The first thing I noticed was: what are
these tall big men doing in such small slender boats? I asked Johan
Offermans, the president of the International Soling Association,
himself a tall man (if I stand on a chair we can just about see each
other straight in the eyes – that tall), but he adroitly evaded an
answer by saying that he had a bigger boat at home – yeah right.
Ludwig Beurle, Yann Neergaard, Roman Koch. No gaunt little men. By
the way, almost all competitors were men, except for one woman:
Susanne Kuchta.
The second thing I noticed is the chaos
and heated temperaments at the start, and the (relative) quiet
immediately afterwards -except for some skirmishes when the ships
were rounding the marks.
The third thing I noticed was the
importance of the weather. In order to sail you need wind. But the
wind is not always there. And no wind is a terrible thing in sailing.
On the second day of the championship, Tuesday 11 June, there was too
little wind, and I have never seen so many bored men together at the
same time.
Or there is too much wind. Or the wind
is not continuously blowing steadily from one direction, like you
wish it would, but hopping about, dwindling to a mere breath one
moment, and blowing up to a storm the next. Before and during the
regatta, the Principal Racing Officer (in this case Thomas Jørgensen)

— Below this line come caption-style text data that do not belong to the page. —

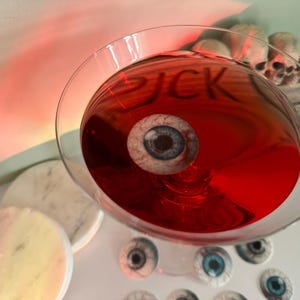 Puede incluir: Un c&oacute;ctel rojo en una copa de martini con un ojo falso flotando en &eacute;l. La copa est&aacute; sobre una superficie blanca con varios ojos falsos esparcidos a su alrededor.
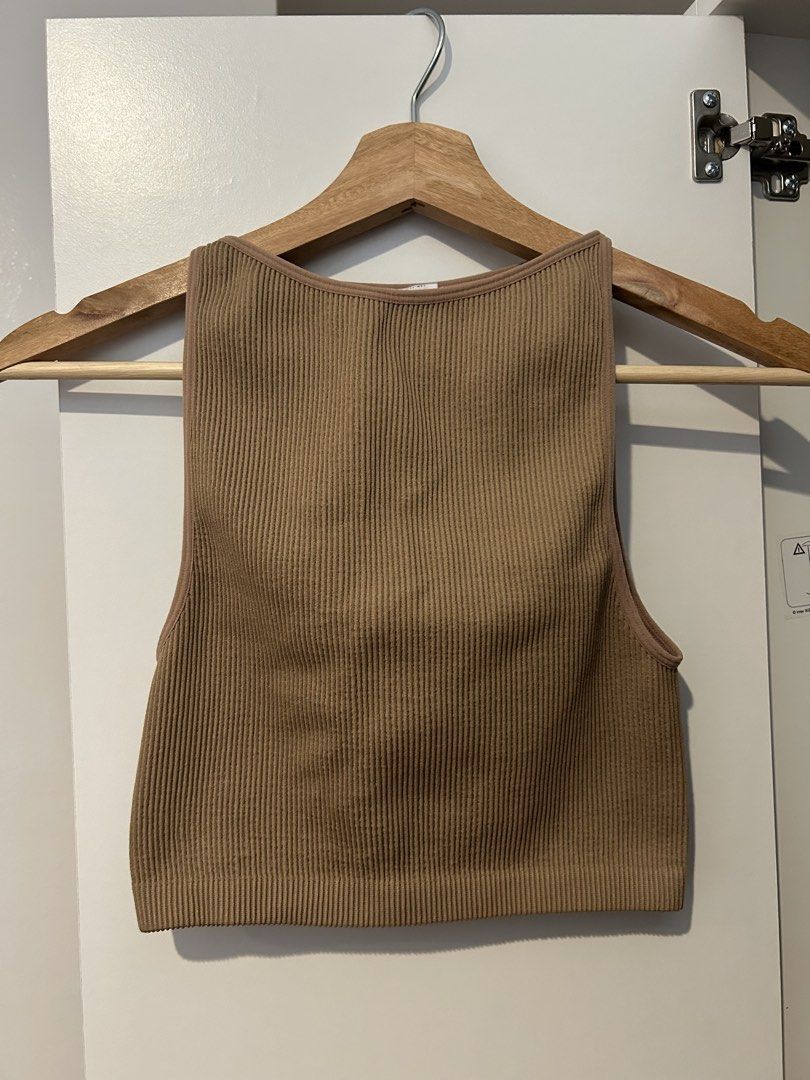 Cotton On Ribbed Tank Top XS (Category: Sleeveless) located in Manila. Submitted by lex_declutters (Listing ID 1435955556, Image 1). Description: - Cotton On ribbed tank top - Neutral brown color - Square neckline - Fitted silhouette - Size: XS/PP/S - Made in Vietnam - Versatile for layering or wearing alone.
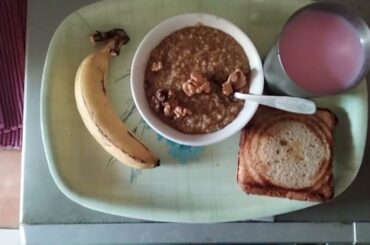 Healthy breakfast recipes, gud daliya with walnuts, cheese sandwich, banana, cold rooh afza milk.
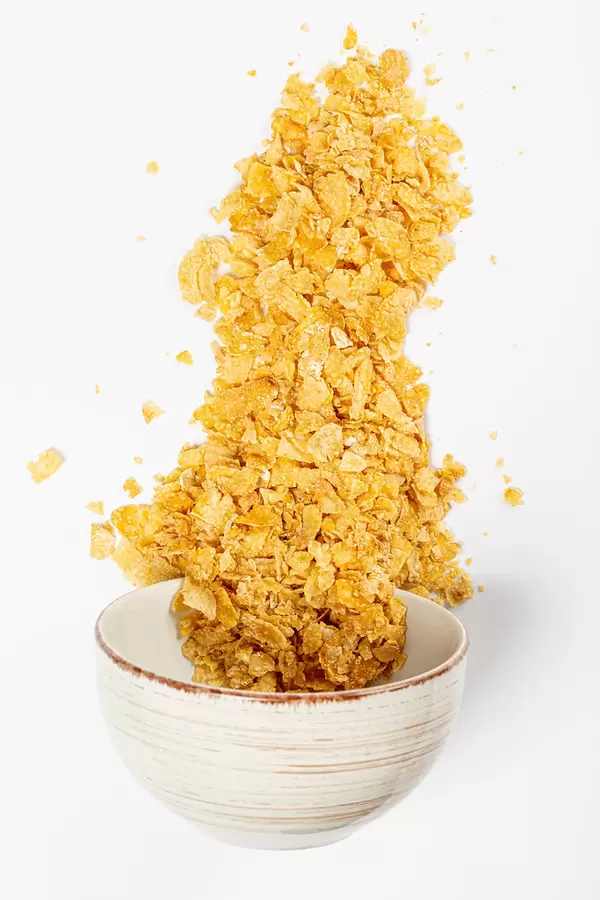 Traditional breakfast of corn flakes poured out of the bowl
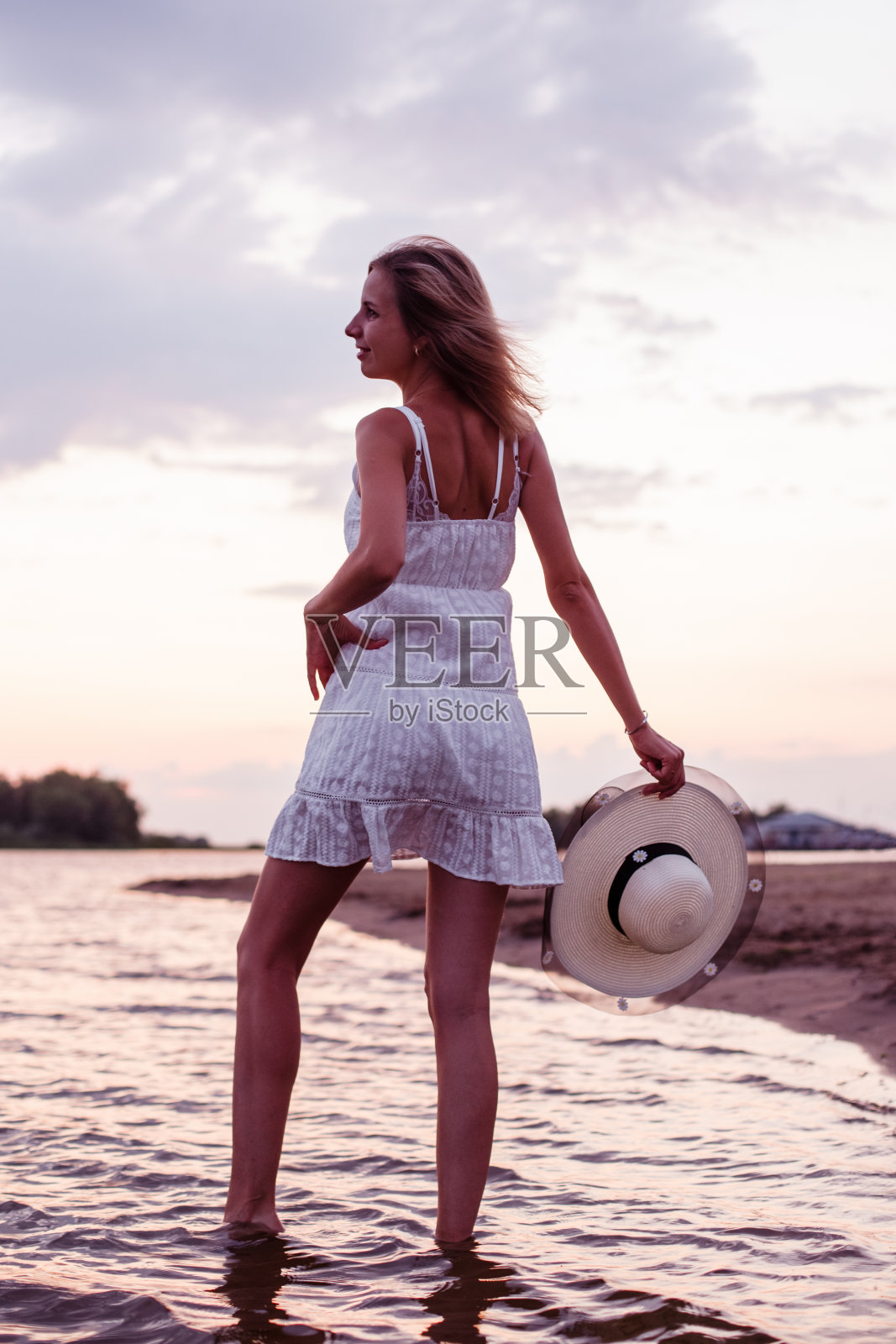 一个女人手里拿着一顶草帽。一个美丽快乐的金发女郎，穿着白色的夏装，挽着裙子的下摆，站在河边，直到日落照片摄影图片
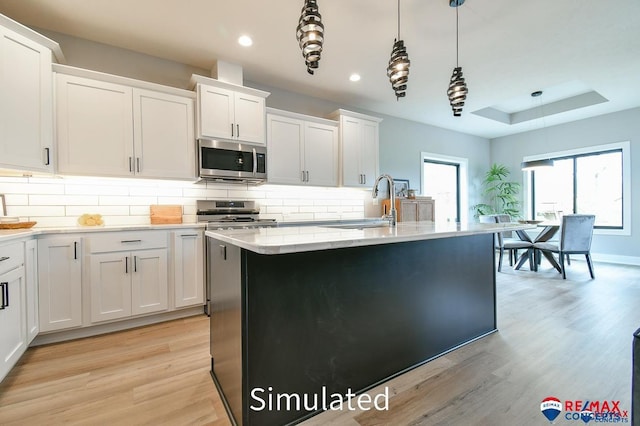 kitchen with light hardwood / wood-style flooring, decorative light fixtures, a center island with sink, white cabinets, and appliances with stainless steel finishes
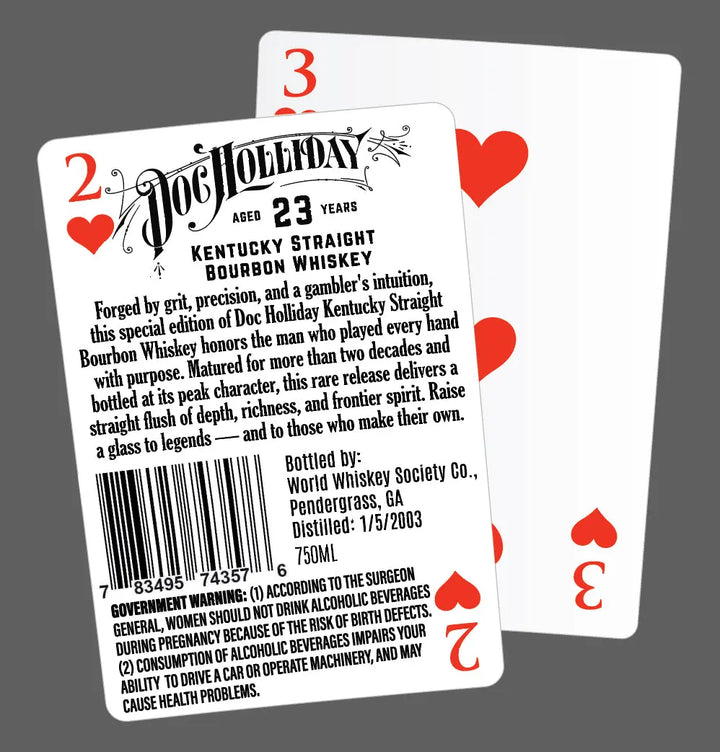 Two playing cards overlap on a gray background. The front card, the 2 of Hearts, displays a label for Doc Holliday 23 Year Kentucky Straight Bourbon Whiskey. The 4 of Hearts card is behind it.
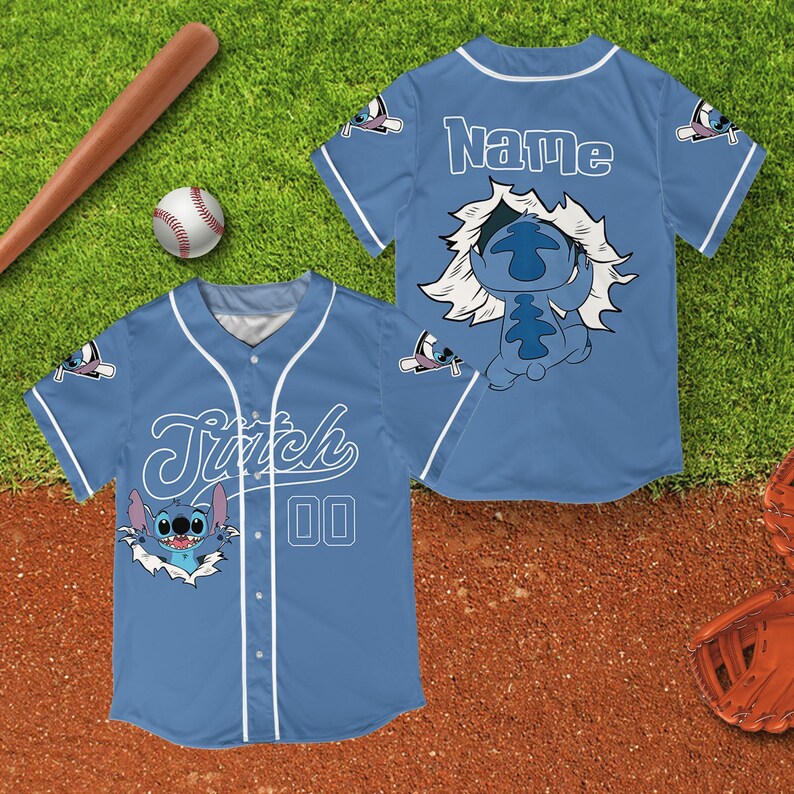 Peut inclure: Maillot de baseball bleu clair avec Stitch de Lilo & Stitch. Le maillot a des d&eacute;tails blancs, le nom "Stitch" et le num&eacute;ro "00" sur le devant. Le dos du maillot porte le nom "Name". Une batte et une balle de baseball sont en arri&egrave;re-plan.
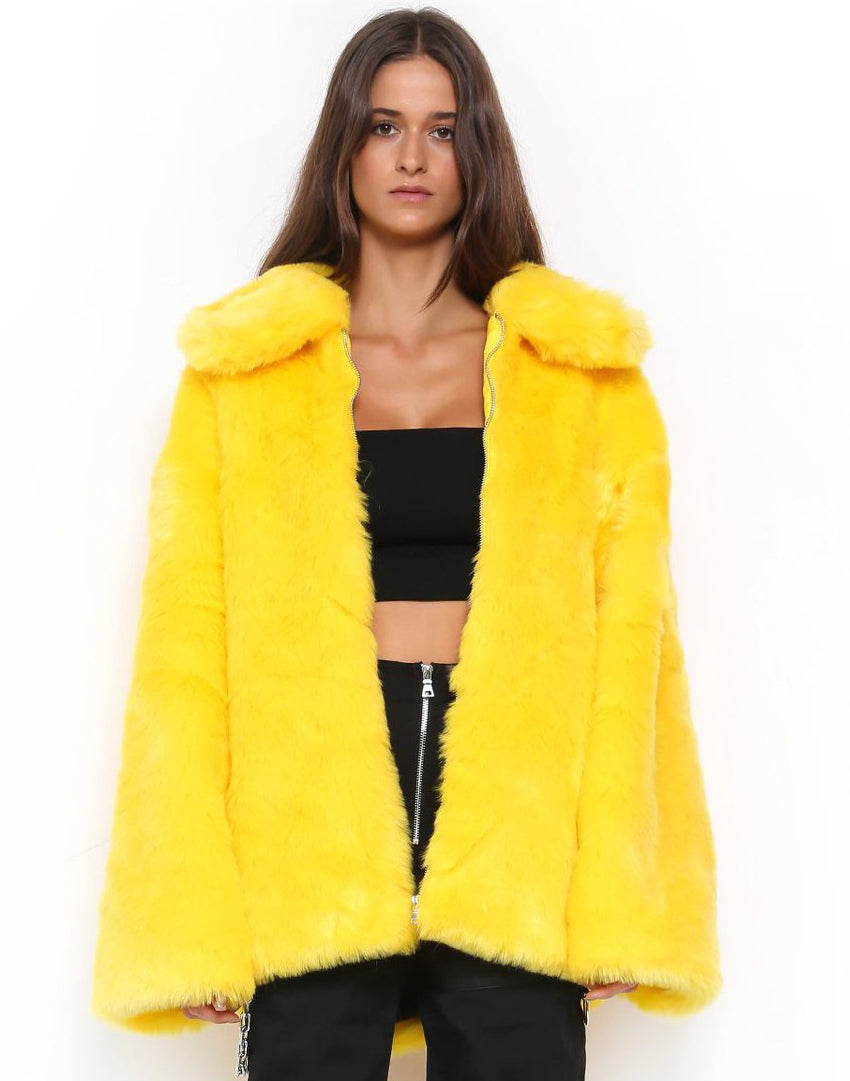 A woman flaunting a medium-length, yellow Maramalive™ Bright Yellow Plunk Faux Fur Coat - Cool Fake Fur Jacket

was keeping a close eye on the wind, together with helpers along the
racing course. Reason for this is that the wind has to blow form the
same direction all the time during the race, otherwise it's not fair.
The nice thing is that you can move the course easily on the water:
just move the buoys a couple of degrees, and you're ready. Not
something that would make cyclists happy at the Tour de France. But
then of course the Alpe d'Huez doesn't change that much from day to
day.
The fourth thing that attracted my
attention was that club life is the same everywhere. Well, in the
Netherlands you wouldn't have an all-male meeting with little dishes
of gummi bears and other sweets on the table, accompanying the
coffee. You will, though, in Kaløvig Bådelaug... But the
dedication, from early in the morning until late at night, the fun,
the jokes, the problems (sometimes) and the mutual generosity are the
same. Recreational sport is 'hyggelig' – and, let's not forget,
the breeding ground for professionals!